Laura Kreidberg
Graduate Student, Department of Astronomy and Astrophysics

Location: ERC 548

Scientific Advisor: Jacob L. Bean

Publications: ADS | arXiv

Research Fields:
My research focuses on intensive characterization of exoplanet atmospheres with the Hubble and Spitzer space telescopes.

Member of Research Groups:

Ph.D. Thesis Defense
Defense date: May 24, 2016
Ph.D. Thesis: "Snapshots of Faraway Places: Intensive Atmosphere Characterization of Extrasolar Planets"

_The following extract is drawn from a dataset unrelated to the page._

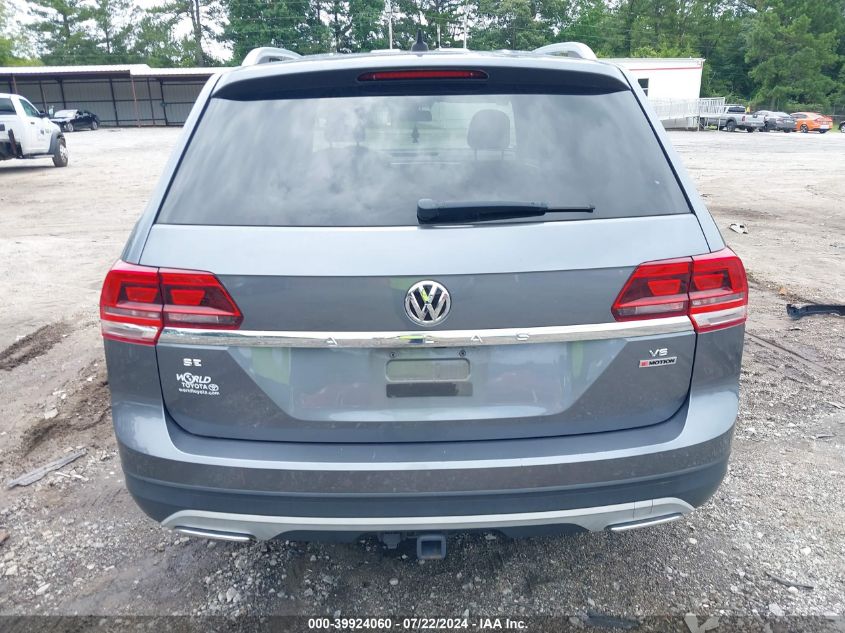 2019 Volkswagen Atlas 3.6L V6 Se VIN: 1V2LR2CA3KC622949 Lot: 39924060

Scientific Advisor: Jacob L. Bean

Ph.D. Committee members: Daniel Fabrycky, Hsiao-Wen Chen, and Andrey Kravstov

"Laura conducted the most ambitious observational programs ever on the topic of exoplanet atmospheres for her dissertation. She used large investments of Hubble and Spitzer Space Telescope time to measure exoplanet atmospheric compositions, thermal structures, energy budgets, and dynamics to understand planetary origins and physics. The papers resulting from her work are the new benchmarks in the field, and provide a foundation for studying the atmospheres of potentially habitable planets with future facilities."
- Jacob L. Bean, Ph.D. advisor

Thesis Abstract: Exoplanet atmosphere characterization has the potential to reveal the origins, nature, and even habitability of distant worlds. This thesis represents a step towards realizing that potential for a diverse group of four extrasolar planets. Here, I present the results of intensive observational campaigns with the Hubble and Spitzer Space Telescopes to study the atmospheres of the super-Earth GJ 1214b and the hot Jupiters WASP-43b, WASP-12b, and WASP-103b.

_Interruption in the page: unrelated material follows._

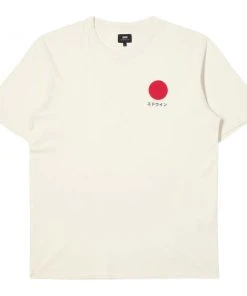 Edwin Japanese Sun Tee Whisper White Natural Garment Wash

I measured an unprecedentedly precise near-infrared transmission spectrum for GJ 1214b that definitively reveals the presence of clouds in the planet's atmosphere. For WASP-43b and WASP-12b, I also measured very precise spectra that exhibit water features at high confidence (>7 sigma). The retrieved water abundance for WASP-43b extends the well-known Solar System trend of decreasing atmospheric metallicity with increasing planet mass. The detection of water for WASP-12b marks the first spectroscopic identification of a molecule in the planet's atmosphere and implies that it has solar composition, ruling out carbon-to-oxygen ratios greater than unity. For WASP-103b, I use the new technique of phase-resolved spectroscopy to determine the planet's temperature structure, dynamics, and energy budget. In addition to these observations, I also present the BATMAN code, an open-source Python package for fast and flexible modeling of transit light curves.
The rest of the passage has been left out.